This folder contains the required documentation, scripts, and files to replicate the results in the manuscript 'Topic Modelling for Untargeted Substructure Exploration in Metabolomics'.

The 'MS2LDA' folder contains the sources for both the R and Python codes of the workflow.

The 'analysis' folder contains Jupyter Notebooks used for analysis and generating results in the paper


================================================================================
Installing the required software packages to run MS2LDA:

1. Setting up R
----------------

MS2LDA relies on R to perform feature extraction from the mzXML/mzML files into LDA count matrices. R can be obtained from https://www.r-project.org. We also recommend installing R-Studio (https://www.rstudio.com), a widely-used development environment.

The two most important R packages to install are XCMS and RMassBank, available from Bioconductor:

* http://bioconductor.org/packages/release/bioc/html/xcms.html
* http://www.bioconductor.org/packages/release/bioc/html/RMassBank.html

Additionally, 2 R packages need to be installed:

> install.packages('gtools') # for natural sorting
> install.packages('yaml') # to load config file

2. Setting up Python
---------------------

1. MS2LDA inference and visualisation is implemented in Python. If you already have a Python environment installed, ensure that it is based on Python version 2.7 and that the following libraries are present with the following commands:

> pip install numpy

> pip install scipy

> pip install matplotlib

Jupyter notebook can be installed following http://jupyter.readthedocs.io/en/latest/install.html.

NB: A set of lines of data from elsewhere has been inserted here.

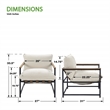 Scranton & Co Sling Lounge Chair in Chenille Ivory with Wood Arm Accents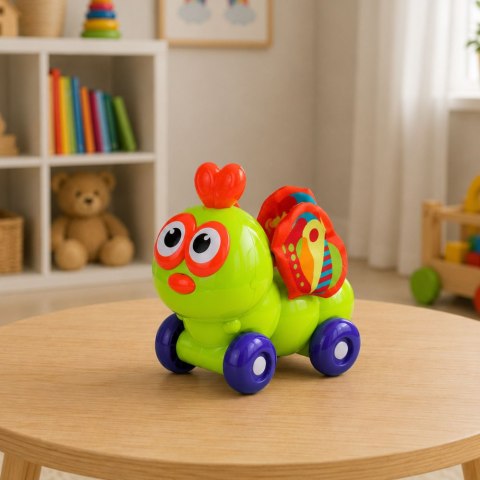 LEAN TOYS Interaktywna Zabawka Autko Pszczółka Sensoryczna Dla Malucha Zielona
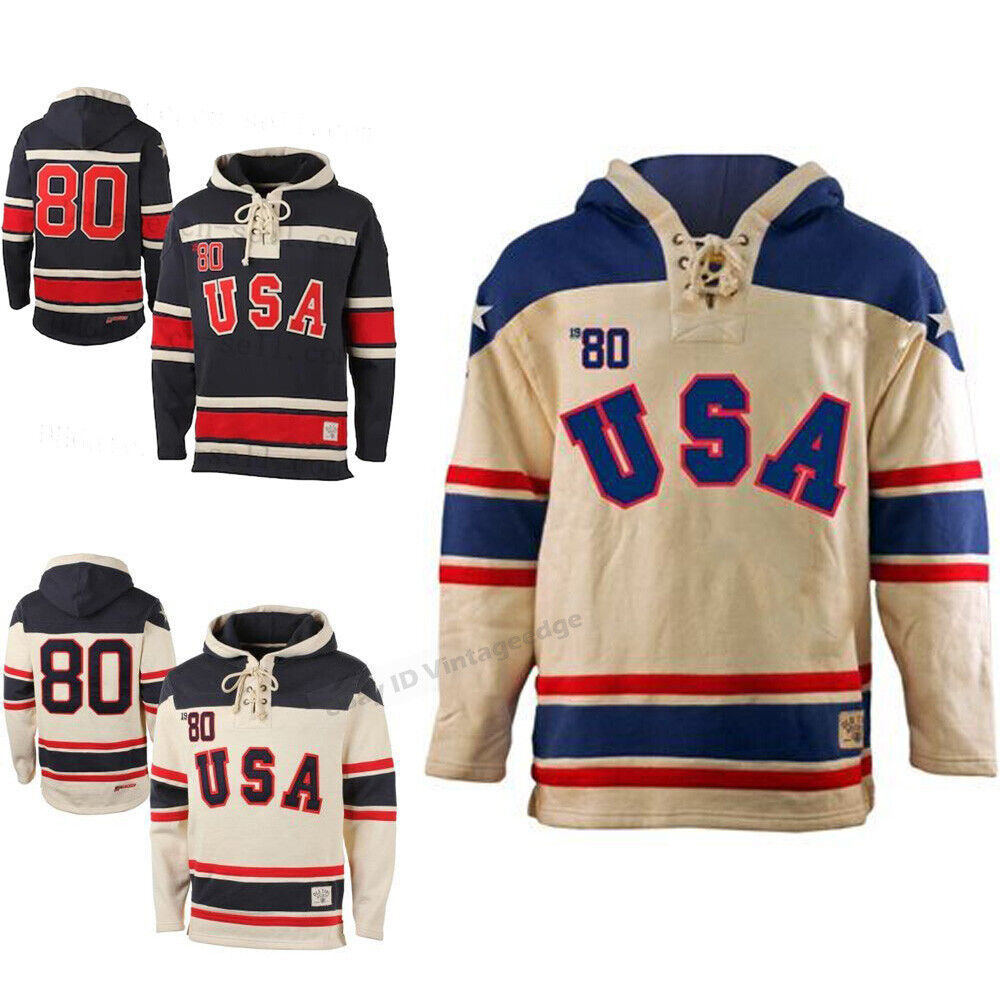 Rertro 1980 Miracle On Ice USA Hockey Sweater Custom Any Names S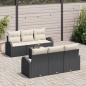 Preview: 7-teiliges Garten-Sofa-Set mit Kissen Schwarz Poly Rattan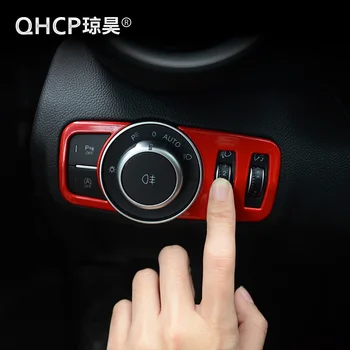 

QHCP ABS Headlight Switch Decorative Frame Cover Car Head Light Sticker Colors Automobile Interior Special For Alfa Romeo Giulia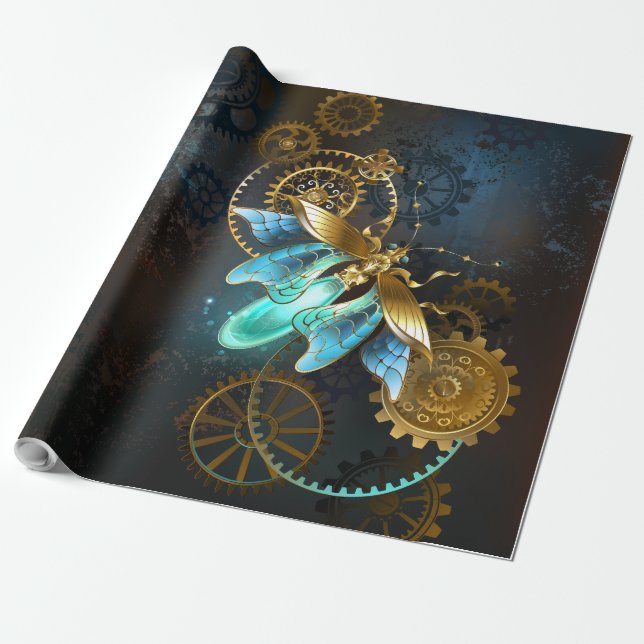 Steampunk Firefly Wrapping Paper (Unrolled)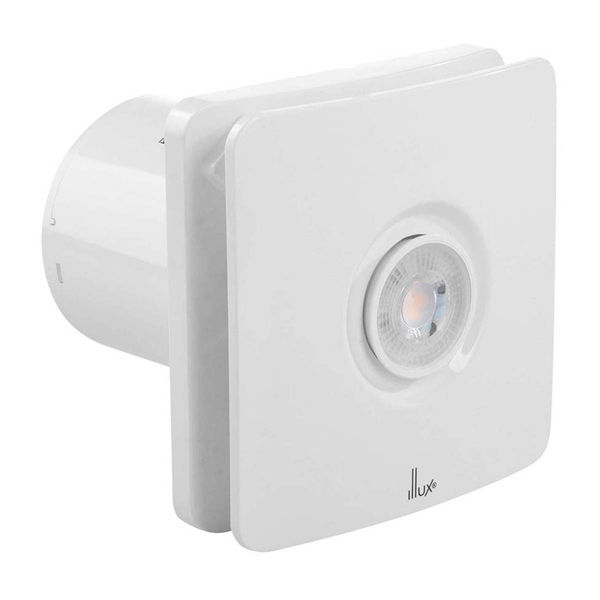 VENTILADOR EXTRACTOR CON FOCO LED 14.8 X 14.8 X 14.9 CM BLANCO ILLUX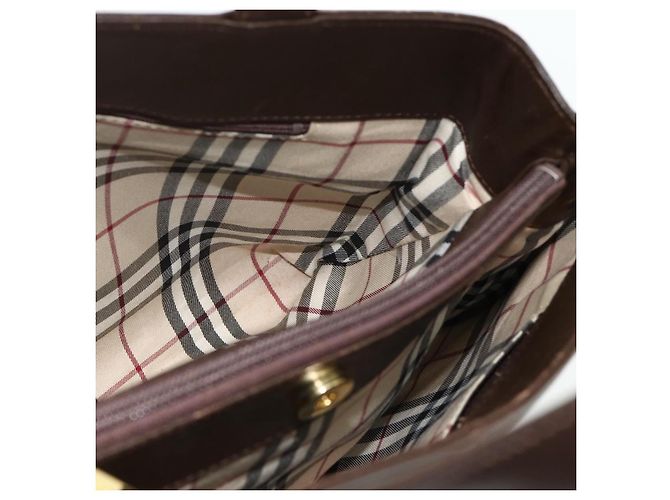 Borsa a mano BURBERRY in pelle marrone oro Auth 179281A D'oro - vista 17
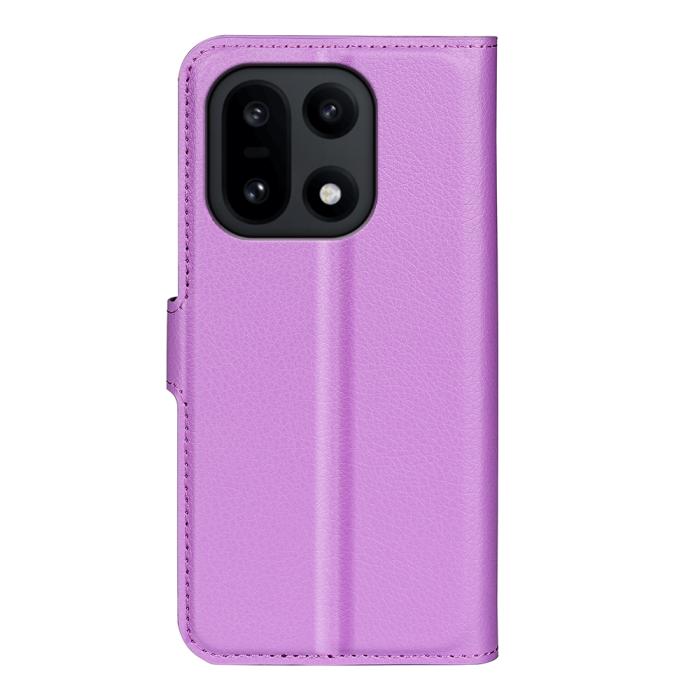 Bild 3, OnePlus 15 Fodral Litchi Läder Lila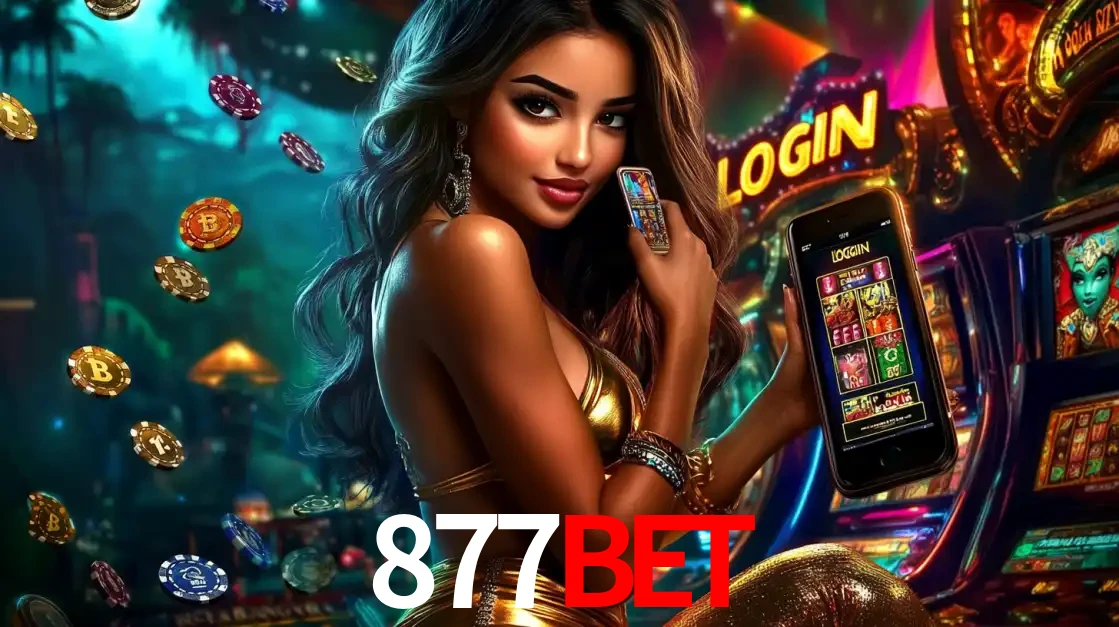 Mulher em um cenário de cassino temático de aventura, mostrando o app de caça-níqueis da 877bet no celular. Fichas de apostas flutuam ao redor.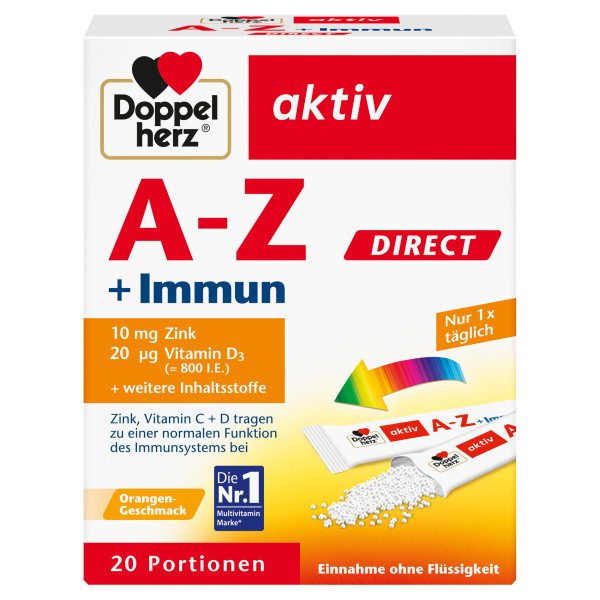 Doppelherz A-Z DIRECT + Immun - Mit fruchtigem Orangen-Geschmack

2. For new users, we recommend installing the Anaconda Python distribution: https://store.continuum.io/cshop/anaconda. Anaconda conveniently installs Python, the Jupyter Notebook, and other commonly used packages for scientific computing and data science. Ensure that you download the installer for Python 2.7.

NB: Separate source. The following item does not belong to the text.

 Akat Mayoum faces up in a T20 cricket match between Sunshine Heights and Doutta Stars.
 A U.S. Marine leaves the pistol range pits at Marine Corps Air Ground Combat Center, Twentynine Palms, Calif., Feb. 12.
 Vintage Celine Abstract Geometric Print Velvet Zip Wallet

3. **Launch the installer for Anaconda Python** and proceed with the installation process. Accept all the default options and wait for installation to finish.

3. Running example analysis
---------------------------

1. Windows: from the "Anaconda" start menu folder, **launch the "IPython (2.7) Notebook"**. This opens the notebook client in the web browser.

2. Linux/OSX: runs 'jupyter notebook' from the terminal.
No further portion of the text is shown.